Thousands of smuggled birds, primates and big cats seized in worldwide trafficking crackdown

World News

Interpol and the World Customs Organization led a worldwide effort to make 500 arrests and seize more than 2,000 animals and plants, the two groups announced Tuesday, part of an annual crackdown on global endangered wildlife trafficking that highlights the persistence of the illegal trade.
Interpol Wildlife Trafficking

This photo provided by Interpol shows stuffed animals seized by custom officers in Argentina on Oct.6, 2023.

Key Takeaways
  • The animals were all protected under international law due to their endangered status and included 1,370 live birds, 53 live primates, four live big cats and other species, according to Interpol, which called the crackdown Operation Thunder.
  • Police and customs officials across multiple countries seized more than 30 tons of internationally protected plants, including protected cactus species.
  • The crackdown also seized 2,624 cubic meters of timber—the equivalent of 440 standard shipping containers, Interpol said.
  • Among the more than 2,000 seizures, which all occurred between Oct. 2 and 27, officials also recovered more than 300 kilograms of ivory, thousands of turtle eggs, 30 tons of plants and dozens of big cat body parts and rhino horns.
  • Interpol and the World Customs Organization coordinated with local police customs officers to carry out the operation, targeting alleged traffickers as they crossed borders—with local authorities ultimately searching hundreds of vehicles, suitcases and cargo transporters.
  • Seizures took across the globe, in places like Panama, the Czech Republic and Tanzania.
Key Background

It’s the seventh annual Operation Thunder. While this year’s 2,114 seizures represent a slight downtick from last year’s 2,200, the number of seizures has steadily grown since the 1,300 in 2017, as the number of countries involved in the effort has more than doubled since then. Laws on wildlife trafficking vary from country to country, according to the United Nations, with punishments ranging from civil to criminal.

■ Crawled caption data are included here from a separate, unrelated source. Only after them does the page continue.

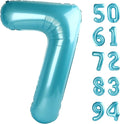 Pearlescent Blue 7 Balloon, Number Balloons 40 Inch, 7th Birthday Decorations for Girls Boys Kids, Party Decoration for Women Men, Number 7 Balloon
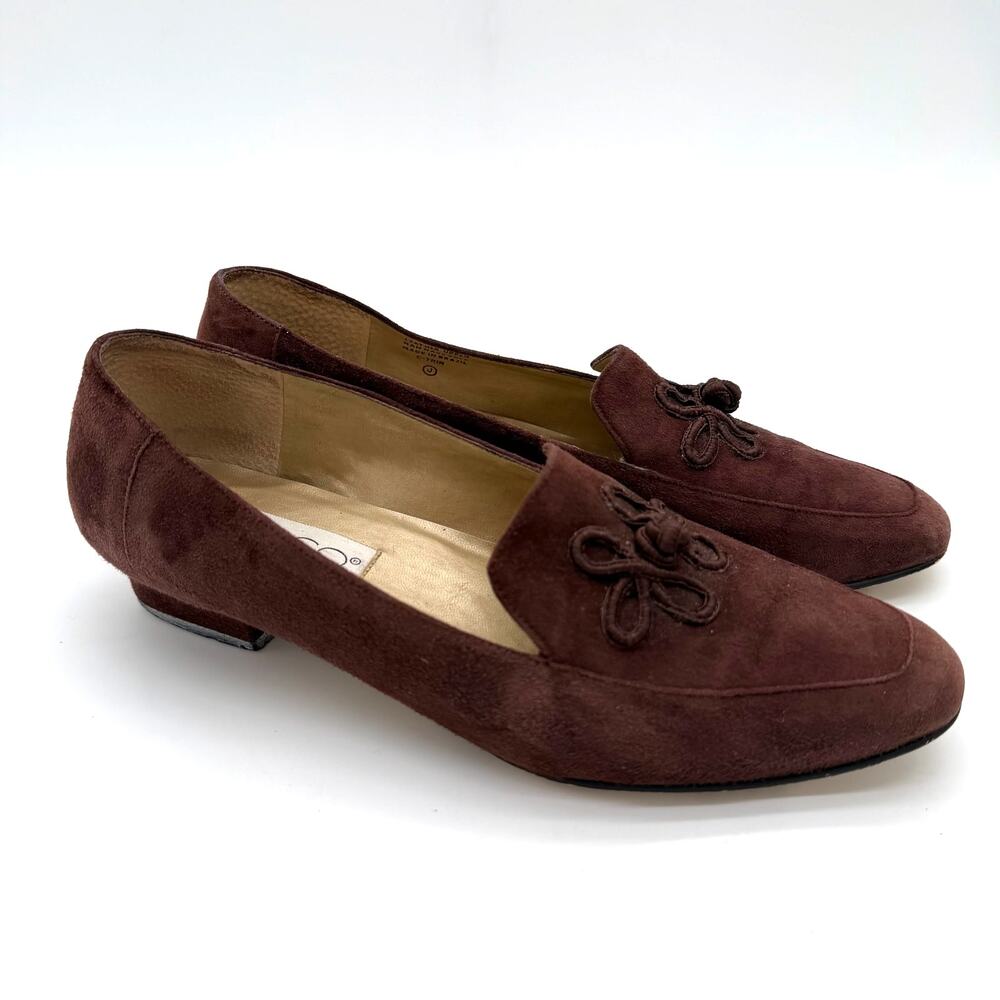 Vintage Calico Elegant Brazil Suede Leather Chocolate Brown Low Heel Pumps 8.5
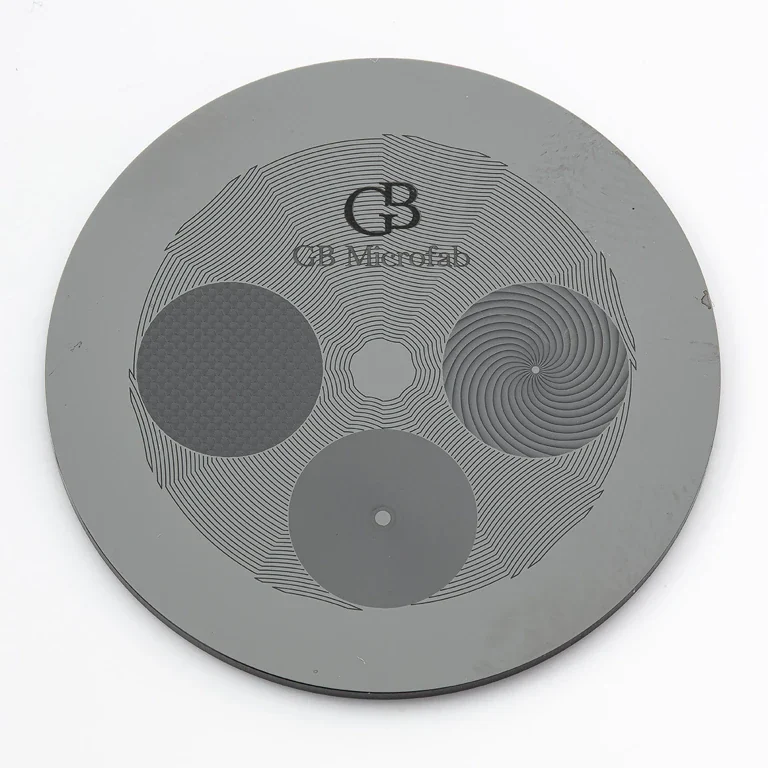 Plaque d'essais GB Microfab : motifs de structuration et de soleillage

In the United States, for instance, breaking laws protecting endangered species can result in a fine of up to $50,000 or imprisonment of up to one year, though some trafficking laws can lead to prison sentences of up to five years. Interpol officials say the annual crackdown highlights how the wildlife trade is intertwined with other forms of international organized crime.

In analysing data from this year’s seizures, officials alleged 60% of wildlife trafficking cases were linked to transnational organized crime groups and operated along routes used to smuggle other illegal products. Many of the animals, animal parts and timber were set to be sold illegally on online sales platforms. Interpol says the operation also highlights how many protected reptiles and marine life are still being exploited for luxury brand fashion—the crackdown recovered more than 20,034 kilograms worth of marine species and nearly 8,000 pieces of reptiles.

Crucial Quote

“Important and endangered animals, birds and plants are being put at risk of extinction by wildlife and timber traffickers,” said Interpol Secretary General Jürgen Stock.

Big Number

133. That’s how many countries participated in this year’s Operation Thunder, the highest participation rate since the program began in 2017.